Walka

2K 177 7
                                        

– Ty pojebany skurwysynu! – Hansel przycisnął mnie mocno swoim ciałem, niemal wbijając mnie w zimną, wilgotną ścianę przy drzwiach szatni. Jego twarz była czerwona, a oczy błyszczały gniewem. Normalnie, gdybym był w pełni sił, ani drgnąłbym pod jego naporem, ale po tej walce czułem się jak gówno. Każdy mięsień, każda kość pulsowały bólem, zmuszając mnie do oparcia się o ścianę.

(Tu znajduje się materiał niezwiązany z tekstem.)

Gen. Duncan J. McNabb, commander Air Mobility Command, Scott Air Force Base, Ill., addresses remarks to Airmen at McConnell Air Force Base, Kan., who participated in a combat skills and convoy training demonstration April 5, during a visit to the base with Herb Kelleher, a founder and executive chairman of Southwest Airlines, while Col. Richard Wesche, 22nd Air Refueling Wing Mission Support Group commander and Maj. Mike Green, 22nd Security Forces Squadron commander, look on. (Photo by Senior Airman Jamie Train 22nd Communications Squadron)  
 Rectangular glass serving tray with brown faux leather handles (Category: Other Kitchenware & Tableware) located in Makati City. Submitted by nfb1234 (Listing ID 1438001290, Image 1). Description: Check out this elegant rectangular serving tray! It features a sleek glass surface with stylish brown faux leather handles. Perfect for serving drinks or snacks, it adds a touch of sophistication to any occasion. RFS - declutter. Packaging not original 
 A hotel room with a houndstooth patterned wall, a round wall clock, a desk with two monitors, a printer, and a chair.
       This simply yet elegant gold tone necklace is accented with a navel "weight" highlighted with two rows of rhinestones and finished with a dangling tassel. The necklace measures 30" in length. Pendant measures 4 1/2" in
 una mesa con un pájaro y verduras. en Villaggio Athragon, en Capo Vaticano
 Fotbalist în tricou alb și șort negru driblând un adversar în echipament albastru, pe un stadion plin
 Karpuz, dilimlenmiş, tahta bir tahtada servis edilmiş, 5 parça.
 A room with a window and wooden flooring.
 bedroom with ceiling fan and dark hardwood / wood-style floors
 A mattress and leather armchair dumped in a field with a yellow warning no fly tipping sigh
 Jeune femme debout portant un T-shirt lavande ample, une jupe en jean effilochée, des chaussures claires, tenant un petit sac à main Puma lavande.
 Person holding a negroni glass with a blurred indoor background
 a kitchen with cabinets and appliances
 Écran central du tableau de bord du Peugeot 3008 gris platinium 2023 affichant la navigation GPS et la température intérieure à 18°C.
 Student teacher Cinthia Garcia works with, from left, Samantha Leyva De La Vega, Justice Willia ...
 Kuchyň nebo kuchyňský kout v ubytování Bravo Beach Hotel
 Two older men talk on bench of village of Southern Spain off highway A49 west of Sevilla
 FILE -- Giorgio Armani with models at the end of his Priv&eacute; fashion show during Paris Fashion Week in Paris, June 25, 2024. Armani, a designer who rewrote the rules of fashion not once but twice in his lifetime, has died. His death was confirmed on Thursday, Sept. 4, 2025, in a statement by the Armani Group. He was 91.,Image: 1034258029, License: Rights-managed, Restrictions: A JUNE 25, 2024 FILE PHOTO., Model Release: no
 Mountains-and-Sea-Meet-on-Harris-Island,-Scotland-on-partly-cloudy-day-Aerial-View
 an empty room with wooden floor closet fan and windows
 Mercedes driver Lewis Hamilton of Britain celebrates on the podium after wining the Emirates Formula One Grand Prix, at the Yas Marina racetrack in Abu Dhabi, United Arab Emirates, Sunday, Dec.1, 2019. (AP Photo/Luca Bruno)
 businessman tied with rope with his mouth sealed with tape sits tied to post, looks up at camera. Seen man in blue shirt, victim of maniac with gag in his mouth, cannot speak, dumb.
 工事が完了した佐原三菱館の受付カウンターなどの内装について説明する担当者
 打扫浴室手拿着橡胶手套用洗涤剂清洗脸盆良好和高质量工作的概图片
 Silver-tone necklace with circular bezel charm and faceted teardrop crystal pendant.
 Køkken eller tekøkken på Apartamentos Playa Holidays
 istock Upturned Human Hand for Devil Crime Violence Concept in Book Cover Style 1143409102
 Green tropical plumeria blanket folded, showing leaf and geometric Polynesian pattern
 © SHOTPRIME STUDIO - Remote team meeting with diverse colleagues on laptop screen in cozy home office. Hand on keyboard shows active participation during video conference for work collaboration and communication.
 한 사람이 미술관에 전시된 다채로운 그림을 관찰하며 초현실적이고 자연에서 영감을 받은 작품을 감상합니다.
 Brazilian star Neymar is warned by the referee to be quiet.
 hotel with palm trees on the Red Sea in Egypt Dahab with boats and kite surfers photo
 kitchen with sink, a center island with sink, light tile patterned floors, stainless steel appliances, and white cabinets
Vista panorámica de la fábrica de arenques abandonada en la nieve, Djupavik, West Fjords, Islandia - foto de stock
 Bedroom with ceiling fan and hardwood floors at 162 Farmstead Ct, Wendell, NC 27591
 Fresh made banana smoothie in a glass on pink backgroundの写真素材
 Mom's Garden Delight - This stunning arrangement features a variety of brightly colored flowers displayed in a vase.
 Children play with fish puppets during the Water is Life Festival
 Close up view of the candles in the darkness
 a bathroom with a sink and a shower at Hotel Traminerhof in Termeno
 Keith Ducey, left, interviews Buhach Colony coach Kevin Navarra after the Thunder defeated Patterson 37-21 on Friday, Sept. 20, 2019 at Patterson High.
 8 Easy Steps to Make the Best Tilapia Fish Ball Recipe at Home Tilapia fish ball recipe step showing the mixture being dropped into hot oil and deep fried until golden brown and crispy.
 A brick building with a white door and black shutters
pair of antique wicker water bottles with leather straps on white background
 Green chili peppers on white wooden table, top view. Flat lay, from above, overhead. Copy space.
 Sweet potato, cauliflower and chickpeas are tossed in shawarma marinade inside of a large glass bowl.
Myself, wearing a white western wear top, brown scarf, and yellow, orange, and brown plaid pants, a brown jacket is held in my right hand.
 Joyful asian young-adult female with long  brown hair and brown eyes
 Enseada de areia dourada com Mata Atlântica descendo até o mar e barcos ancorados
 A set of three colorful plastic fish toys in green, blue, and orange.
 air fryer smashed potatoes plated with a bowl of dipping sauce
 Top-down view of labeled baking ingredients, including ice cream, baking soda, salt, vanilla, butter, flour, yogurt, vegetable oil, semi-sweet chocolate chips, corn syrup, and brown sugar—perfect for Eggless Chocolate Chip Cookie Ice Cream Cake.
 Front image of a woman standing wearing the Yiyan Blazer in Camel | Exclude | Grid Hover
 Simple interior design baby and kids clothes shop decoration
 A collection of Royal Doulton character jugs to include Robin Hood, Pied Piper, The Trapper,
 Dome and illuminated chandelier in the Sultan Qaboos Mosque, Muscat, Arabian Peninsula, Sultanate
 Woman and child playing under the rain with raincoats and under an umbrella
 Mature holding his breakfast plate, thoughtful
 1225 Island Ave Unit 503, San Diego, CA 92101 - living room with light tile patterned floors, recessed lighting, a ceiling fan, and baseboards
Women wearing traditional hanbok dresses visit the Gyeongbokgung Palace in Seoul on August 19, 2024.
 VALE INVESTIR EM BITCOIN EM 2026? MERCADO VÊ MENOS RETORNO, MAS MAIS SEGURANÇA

Próbowałem unormować oddech, walcząc z falą wyczerpania, która zalała moje ciało. Wyszczerzyłem do niego zęby, nieco ironicznie, z jawną satysfakcją. Wiedziałem, że to go jeszcze bardziej rozjuszy. Hansel był gotowy do kolejnego starcia, podczas gdy ja, z każdym kolejnym wdechem, starałem się po prostu nie stracić przytomności. Nie byłem w stanie odpowiedzieć, nie z ochraniaczem na zęby i  krwią w ustach.

– Dawaj to! – warknął ponownie i podsunął pod moje usta małe pudełko.

Z obrzydzeniem splunąłem do niego ochraniaczem na zęby, mieszanką śliny i krwi, która skapnęła na jego rękę. Hansel nawet nie drgnął. Byłem cały obity, wymęczony do granic możliwości, każdy centymetr mojego ciała krzyczał z bólu.

Ale mimo to, wewnątrz mnie wciąż tliła się ekscytacja. Ten pieprzony adrenalinowy haj, który mówił mi, że jeszcze żyję.

Próbując wyrównać oddech, odbiłem się od ściany, z trudem łapiąc równowagę. Każdy krok był wyzwaniem, a każdy ruch sprawiał, że czułem, jakby całe moje ciało protestowało. Podszedłem do kanapy w rogu, ledwo powłócząc nogami, gdy nagle drzwi otworzyły się z hukiem.

Do pomieszczenia wszedł Kova. Rosjanin, z chłodnym wyrazem twarzy i spojrzeniem, które zawsze przypominało mi o jego przeszłości pełnej brutalnych walk, rzucił w moją stronę butelkę z wodą. Zakrętka była jednak nie do ruszenia, podniosłem wzrok na Hansela, a on z westchnieniem wyrwał mi butelkę z rąk i bez słowa odkręcił ją, zanim zwrócił mi z powrotem.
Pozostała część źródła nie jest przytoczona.